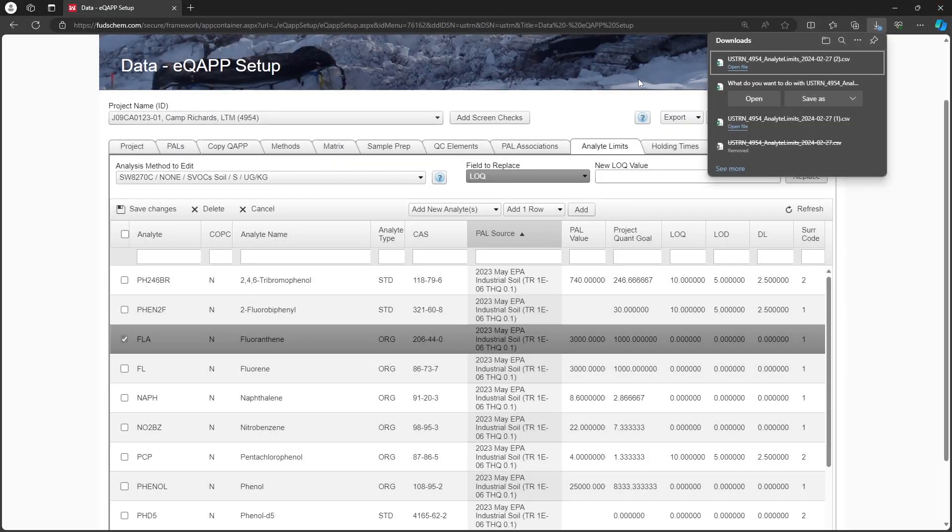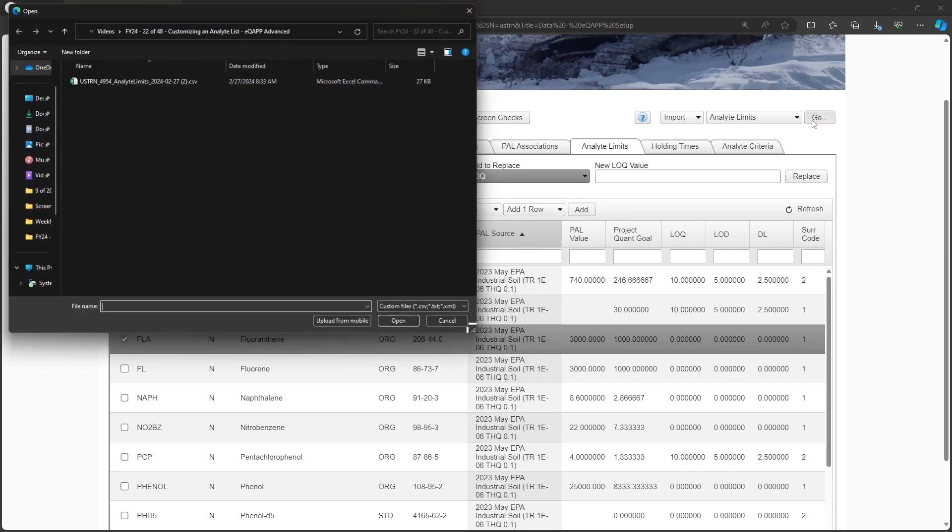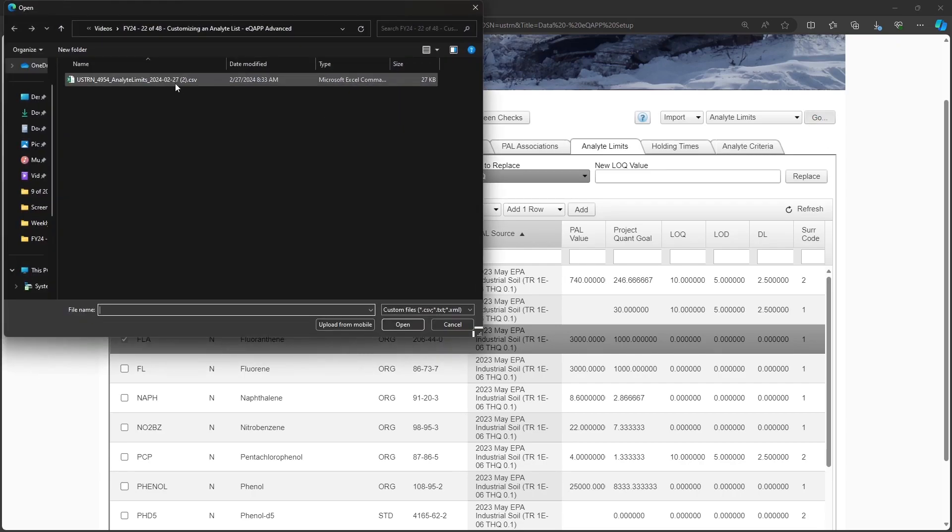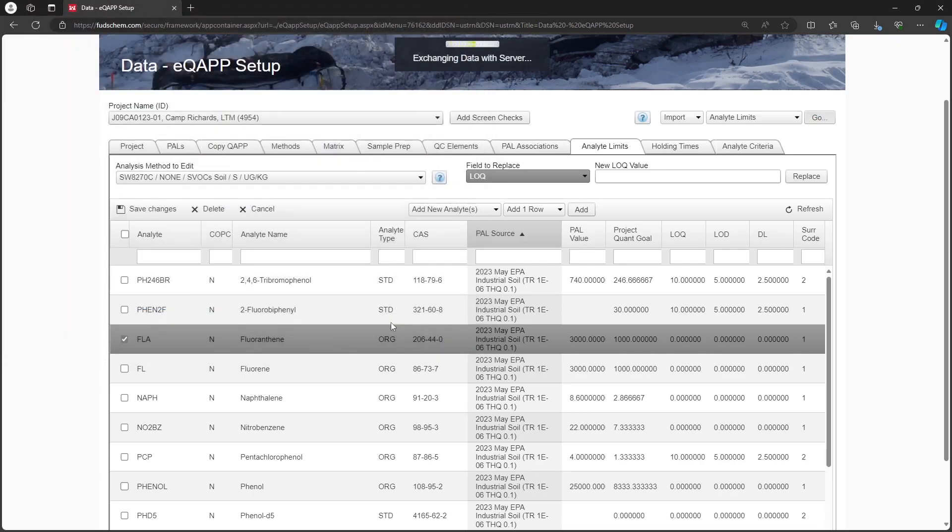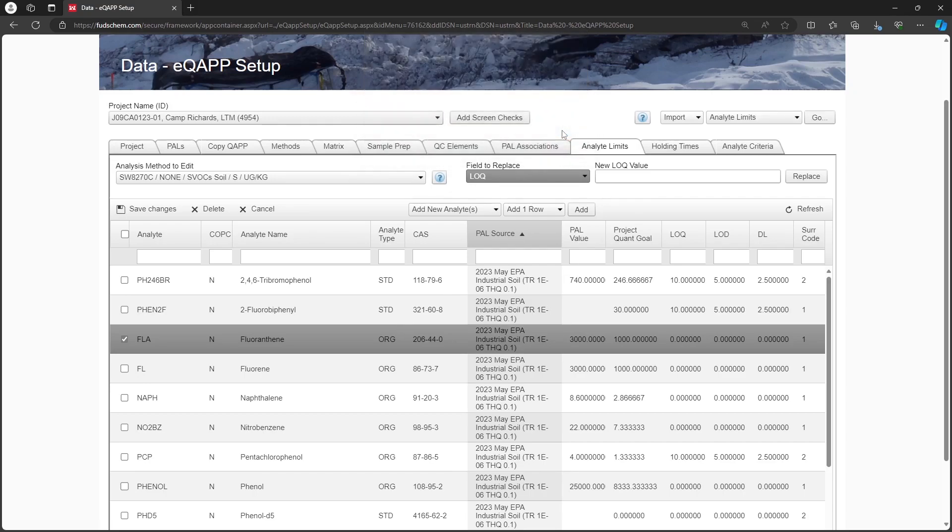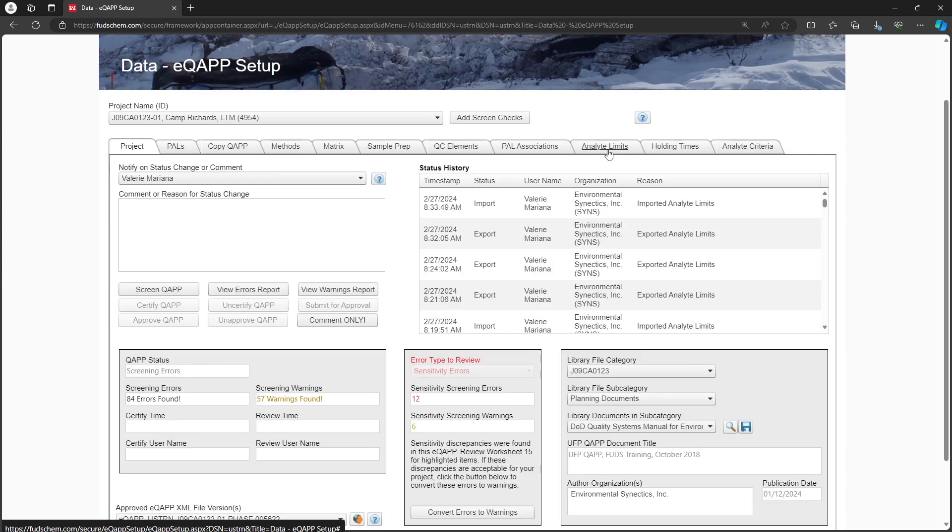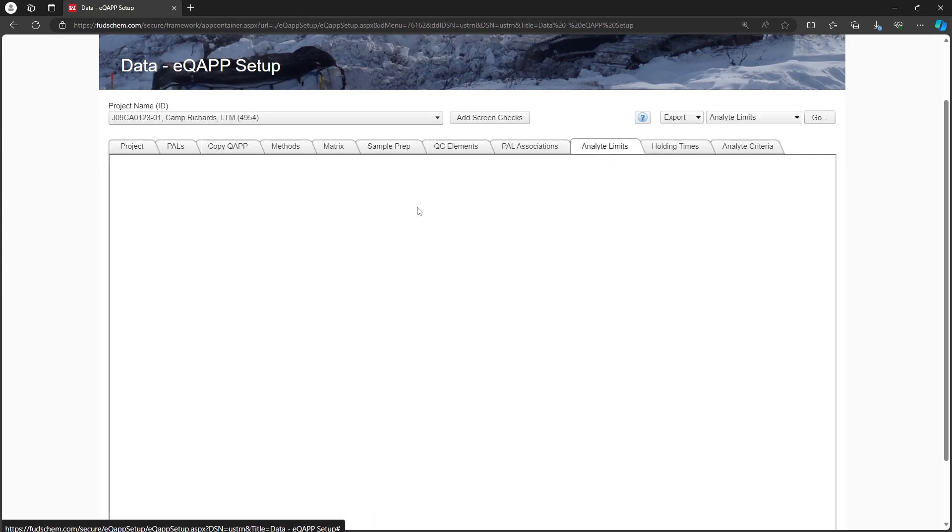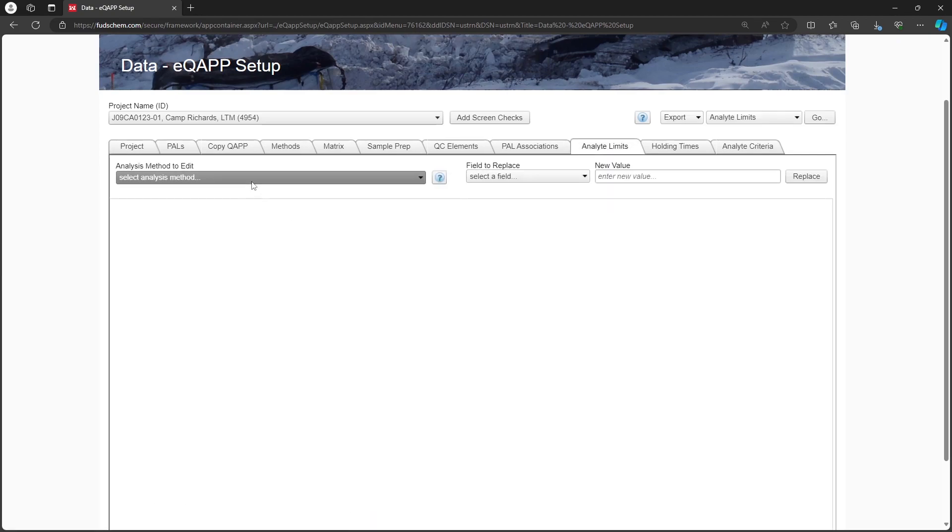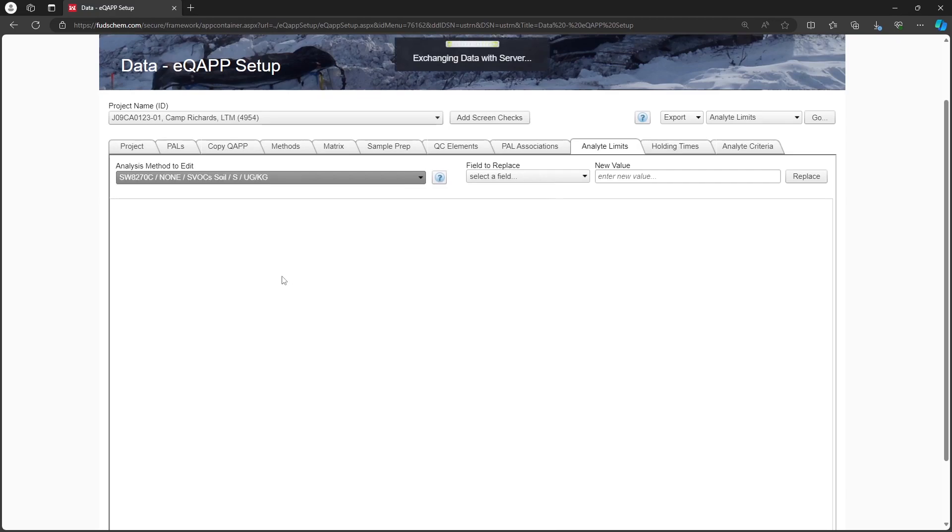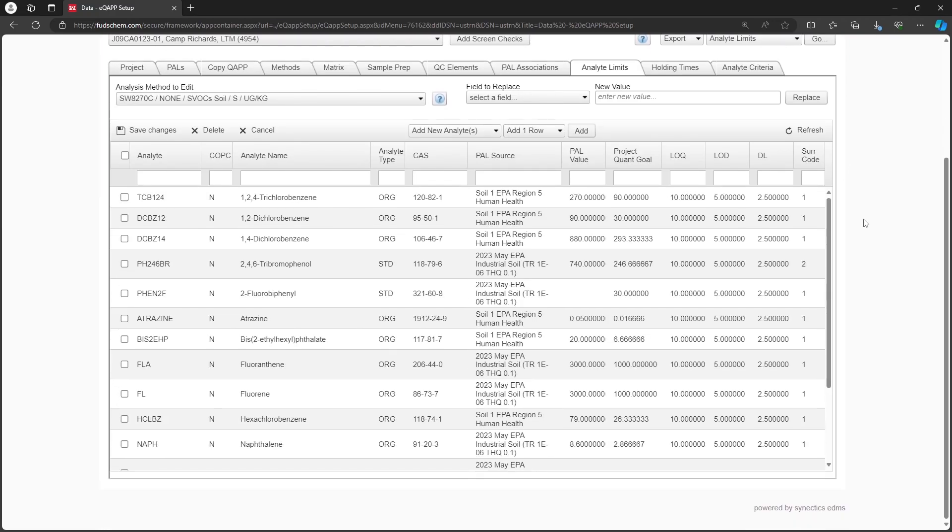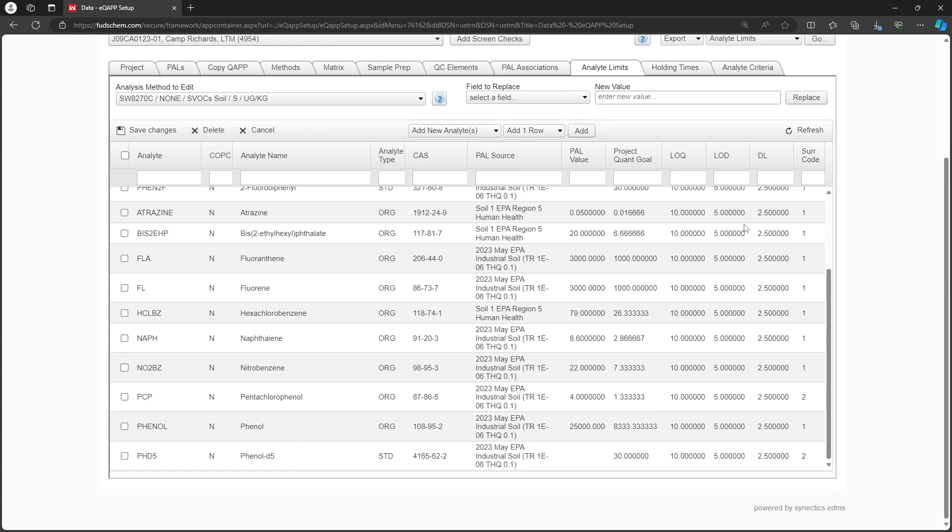Back in the EQAP, change the drop-down from Export to Import. Click Go and import the file. Once imported, select the method again on the Analyte Limits tab. We can see that the limits are populated. This tab has been completely updated.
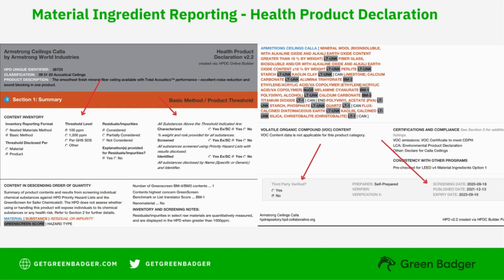Here you're looking at an example of a health product declaration. You can see in the upper right that it's labeled a health product declaration. Even though these run up to 14 pages and you should include all the pages, there are just a few key pieces of information on pages 1 and 2. First, check the threshold level — the material must be inventoried to 100 or 1,000 parts per million to be LEED compliant. Also, the substances in the product need to be characterized and screened, so those boxes have to be checked. Make sure the date is valid during construction.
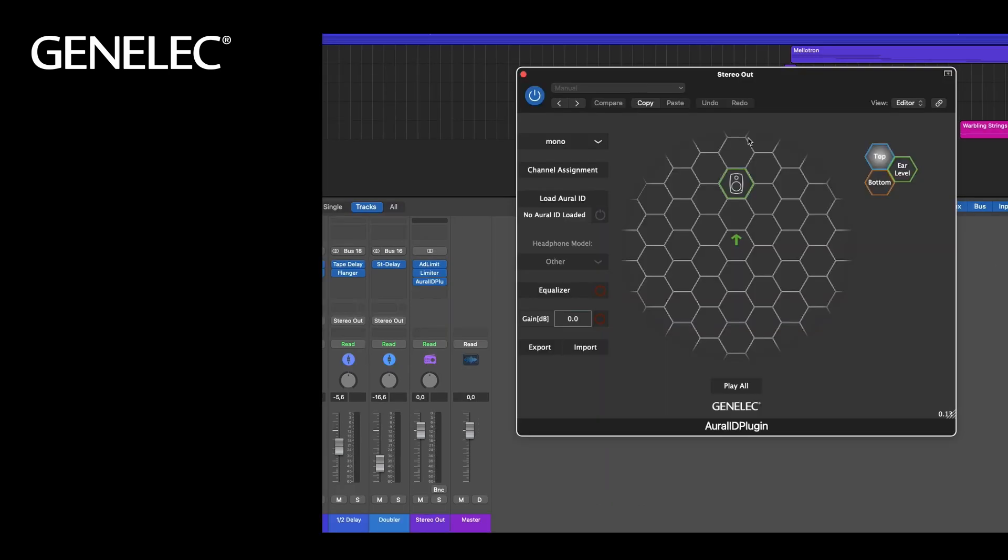This is how the user interface looks like. Please check out our walkthrough video, where we explain all of the functions and options in detail.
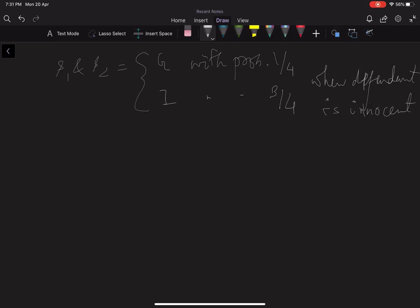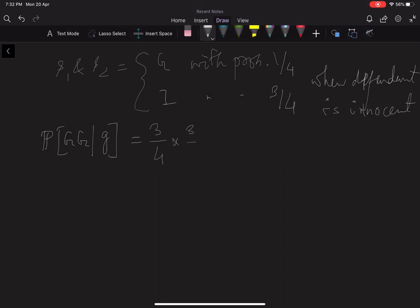Now, suppose the defendant is guilty. What is the probability that both jurors get signal G? The probability that juror one gets capital G is three-fourths, and juror two also gets capital G with probability three-fourths. Since the signals are independently drawn, the probability that both get signal G is three-fourths times three-fourths, which is nine by sixteen.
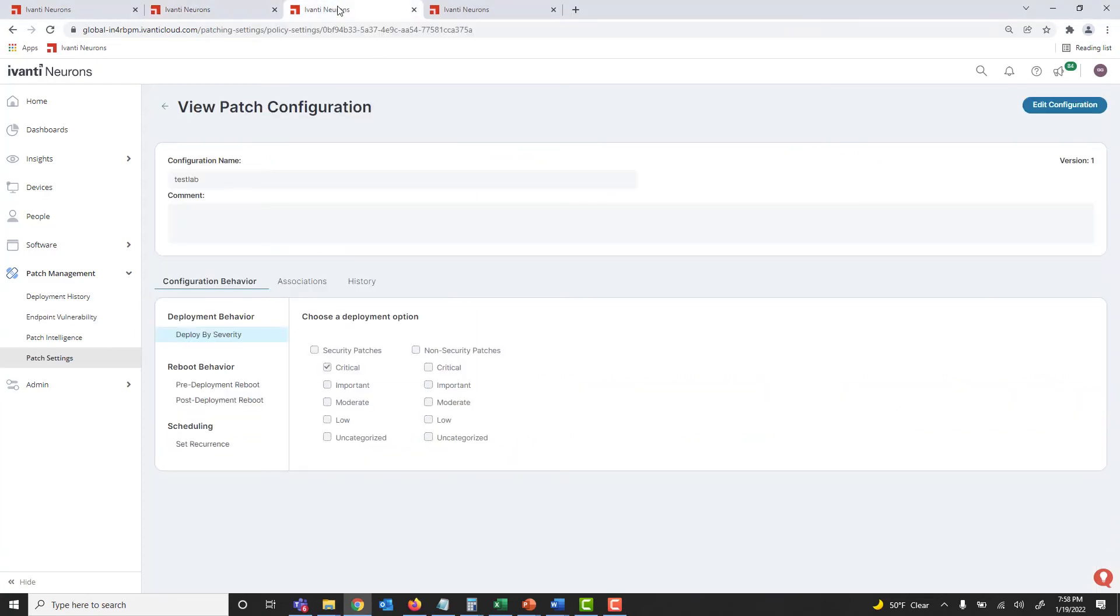And when it's time to patch, autonomous patch configuration deployed to the Ivanti Neurons agent on devices distribute thoroughly tested patches to thousands of machines in minutes. These patch configurations run independently on the schedule you set, allowing you to focus on exceptions and risk in your environment.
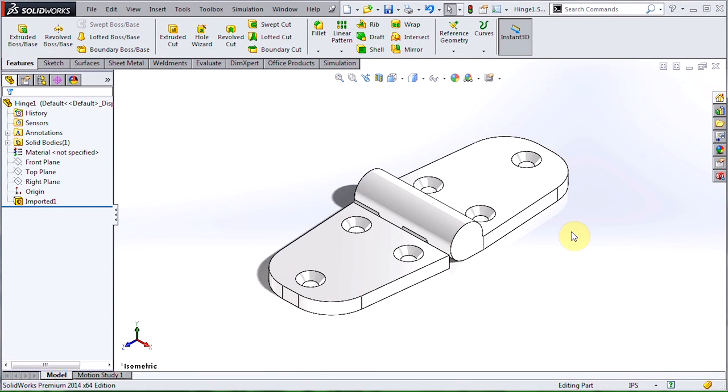Hi, this is Terence Wu, Applications Engineer with Hawk Ridge Systems, and in this video, I'm going to show you how to quickly convert a downloaded part to an assembly and make it move.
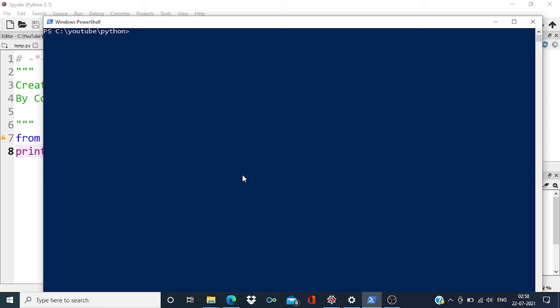Hi everyone, welcome back to the channel. In this video, we are going to discuss how to run Anaconda code from PowerShell.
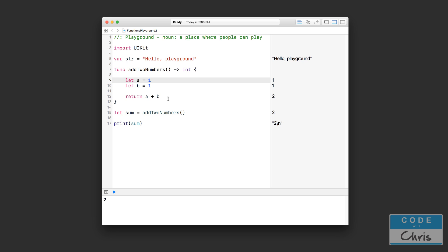So that's return values for functions, and it's really powerful because now you can write a function that does something and returns the result to you — your function is like a little worker that does a specific task and returns you the result. Now there's another cool thing you can do with functions, and that's called parameters. See, this function by itself will always just add one and one together and return two. But what if I wanted this code to be reusable for any numbers? I want to specify which two numbers I want to add together.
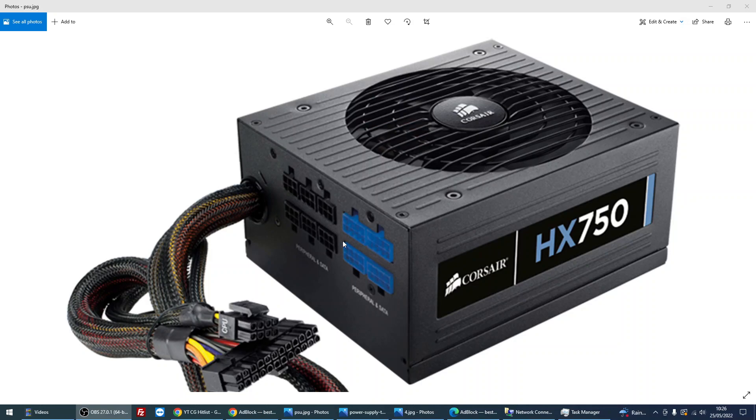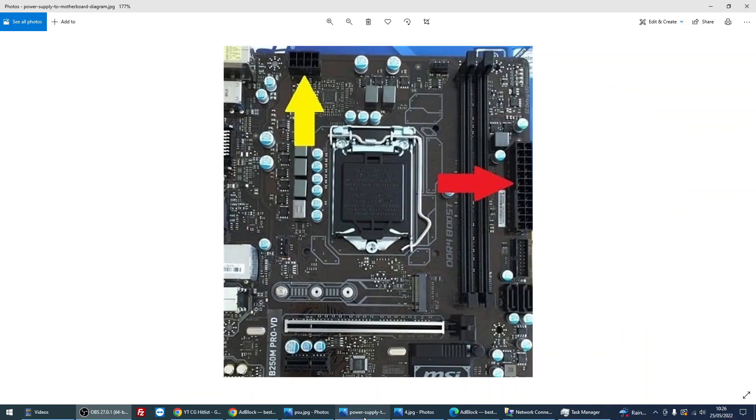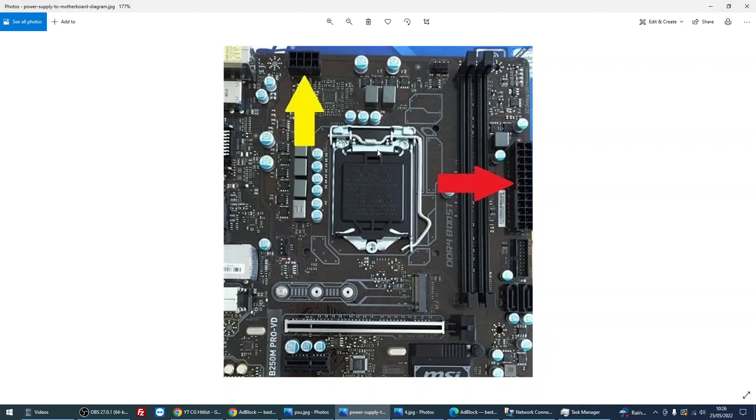So what we need to do is locate where this goes on the motherboard. If we have a look here, this is your CPU slot and the connection will always be quite close to it. We can see that it's here where the yellow arrow is pointing to. We can see that it's an 8-pin connector, so we'll plug that cable into here.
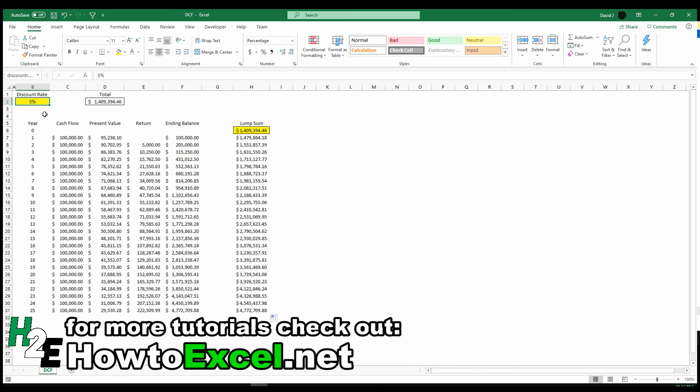I've saved this file in a link I'll post to the video. If you want to play around with it or test this out, feel free. And yeah, thanks for watching. That wraps it up for discounted cash flow.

ACTION ITEM: Before duplicating the entries above, strip out the pictures and keep the rest exact.

EXERCISE ANSWER:
Back in the EQAP, change the drop-down from Export to Import. Click Go and import the file. Once imported, select the method again on the Analyte Limits tab. We can see that the limits are populated. This tab has been completely updated.
Here you're looking at an example of a health product declaration. You can see in the upper right that it's labeled a health product declaration. Even though these run up to 14 pages and you should include all the pages, there are just a few key pieces of information on pages 1 and 2. First, check the threshold level — the material must be inventoried to 100 or 1,000 parts per million to be LEED compliant. Also, the substances in the product need to be characterized and screened, so those boxes have to be checked. Make sure the date is valid during construction.
This is how the user interface looks like. Please check out our walkthrough video, where we explain all of the functions and options in detail.
Now, suppose the defendant is guilty. What is the probability that both jurors get signal G? The probability that juror one gets capital G is three-fourths, and juror two also gets capital G with probability three-fourths. Since the signals are independently drawn, the probability that both get signal G is three-fourths times three-fourths, which is nine by sixteen.
And when it's time to patch, autonomous patch configuration deployed to the Ivanti Neurons agent on devices distribute thoroughly tested patches to thousands of machines in minutes. These patch configurations run independently on the schedule you set, allowing you to focus on exceptions and risk in your environment.
Hi, this is Terence Wu, Applications Engineer with Hawk Ridge Systems, and in this video, I'm going to show you how to quickly convert a downloaded part to an assembly and make it move.
Hi everyone, welcome back to the channel. In this video, we are going to discuss how to run Anaconda code from PowerShell.
So that's return values for functions, and it's really powerful because now you can write a function that does something and returns the result to you — your function is like a little worker that does a specific task and returns you the result. Now there's another cool thing you can do with functions, and that's called parameters. See, this function by itself will always just add one and one together and return two. But what if I wanted this code to be reusable for any numbers? I want to specify which two numbers I want to add together.
So what we need to do is locate where this goes on the motherboard. If we have a look here, this is your CPU slot and the connection will always be quite close to it. We can see that it's here where the yellow arrow is pointing to. We can see that it's an 8-pin connector, so we'll plug that cable into here.
I've saved this file in a link I'll post to the video. If you want to play around with it or test this out, feel free. And yeah, thanks for watching. That wraps it up for discounted cash flow.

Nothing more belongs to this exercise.